* PROBLEM TO SOLVE
Transcribe, leaving out every picture, the lines that run from the start of the listing below through the line with "The Cardioline AR-1200".

* DATA EXCERPT
·····

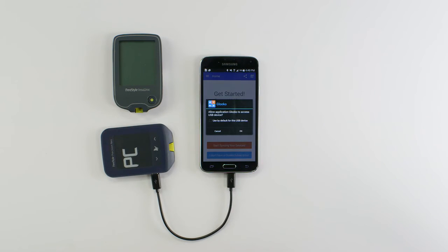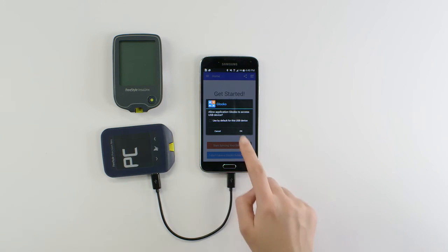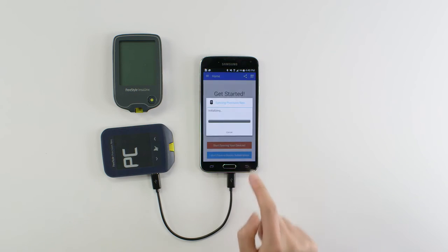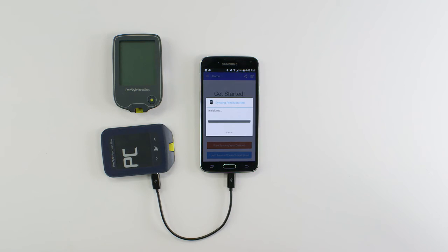Since Gluco needs access to the device's data via USB connection, you'll see a pop-up requesting that permission. Tap OK to allow the access and start the download.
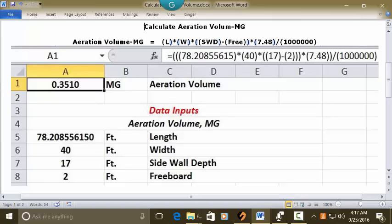Multiplication key, 7.48, closed parentheses, division key, open parentheses, one million, closed parentheses. And then press enter.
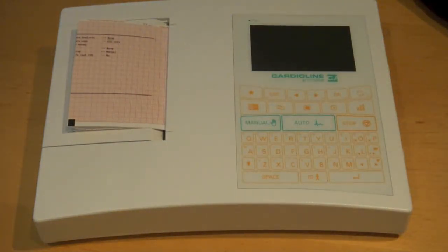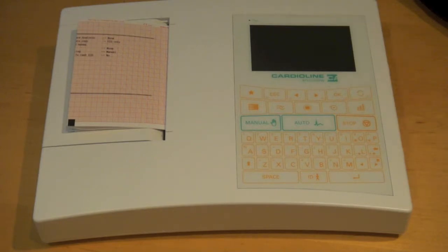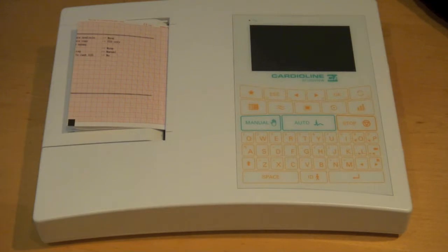The Cardioline AR-1200 is available in two versions, the AR-1200 View and the AR-1200 View with Bluetooth.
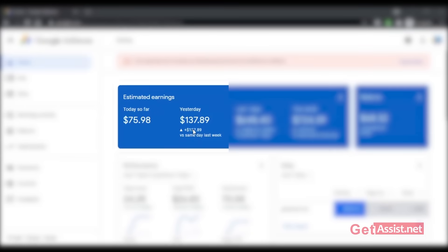Here I am inside one of my Google AdSense accounts, and as you can see, yesterday I made $137.89, and today so far I have made $75.98, and that will increase throughout the day. I have to hide the page views and the exact amount that I earn because of the Google AdSense legal terms and conditions. So as you can see, I'm pretty much able to earn more than $100 a day from one single website — that is get assist.net.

·····

* SOLVED PROBLEM
Since Gluco needs access to the device's data via USB connection, you'll see a pop-up requesting that permission. Tap OK to allow the access and start the download.
Multiplication key, 7.48, closed parentheses, division key, open parentheses, one million, closed parentheses. And then press enter.
The Cardioline AR-1200 is available in two versions, the AR-1200 View and the AR-1200 View with Bluetooth.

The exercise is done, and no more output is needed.